Since arriving seven weeks ago, I have been warmly welcomed into the Ministry of Public Works community (MPW) – receiving numerous invitations for both work-related projects and leisure activities. Life apart from the Ministry has been pleasant, as well. Regular conversation with neighbors and other expats have enabled me to develop a better understanding of the unique Liberian context. One goal that remains, though, is getting to know the country outside of Monrovia.
Sharing a large bowl of dry rice with coworkers.
Last weekend I came to the realization that if I was to visit the beaches up north, I would have to go immediately, before the rainy season picked up and the sun was stolen away. In terms of weather, my friends and I struck gold: skies were clear, the heat was tolerable and wind was low. In terms of travel logistics, though, we were not so lucky. Vehicle trouble minutes before our departure presaged our journey ahead –and by the end of the trip, our vehicle had broken down twice. The trip was riddled with challenges, but by the end of the day we made it to beach and back –and had an [interestingly] incredible time.

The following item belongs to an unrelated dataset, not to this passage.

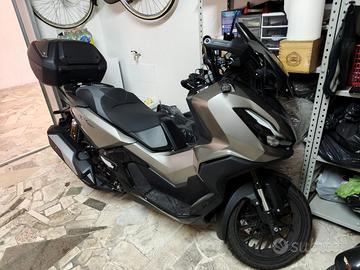Honda adv 350
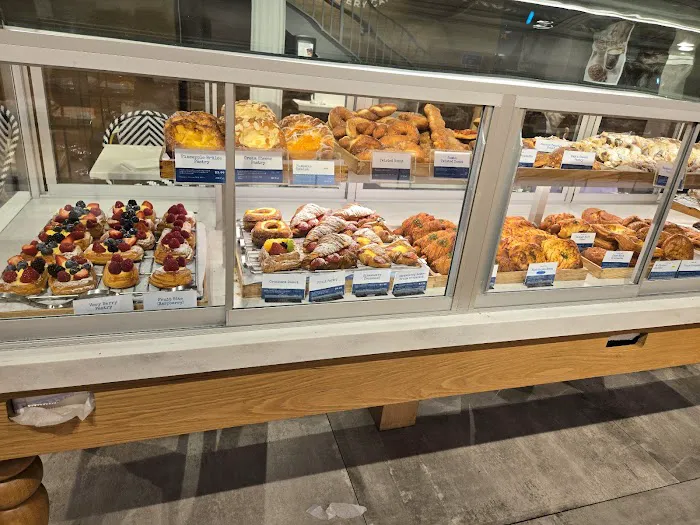 Paris Baguette Picture 10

In retrospect, I cannot help but to draw parallels between this adventure and the work I am doing with the MPW.
My main job involves guiding a Ministry bureau in developing a strategy and work plan for the next 18 months (the remaining time of the current administration). Bureau leadership recently changed (due to ongoing Ministry reform), and with both an enthusiastic/methodical bureau director at the helm and increasing political demand for infrastructural improvements, there is currently sufficient leadership, will and pressure to mobilize bureau efforts. With these key components already in place upon my arrival in June, my MPW colleagues and I sought to plot out a road map for strategy development.
Within days, however, we came to a crucial discovery and first major setback: the bureau lacked a framework mapping out operational roles and responsibilities. Our plan for strategic development would need to be beefed up into a deep bureau reform, starting with a functional framework.
Over the next month, my Ministry colleagues and I made great strides to develop a framework. Through numerous key informant meetings, staff interviews, surveys and ongoing discussion with the bureau minister, the bureau developed a framework that (1) clarified linkages between the bureau mission statement and operational objectives, (2) ironed out essential operations and relationships internal (and in some instances, external) to the bureau and (3) achieved endorsement from nearly all parties involved.
Our makeshift Gantt chart used for a work planning session.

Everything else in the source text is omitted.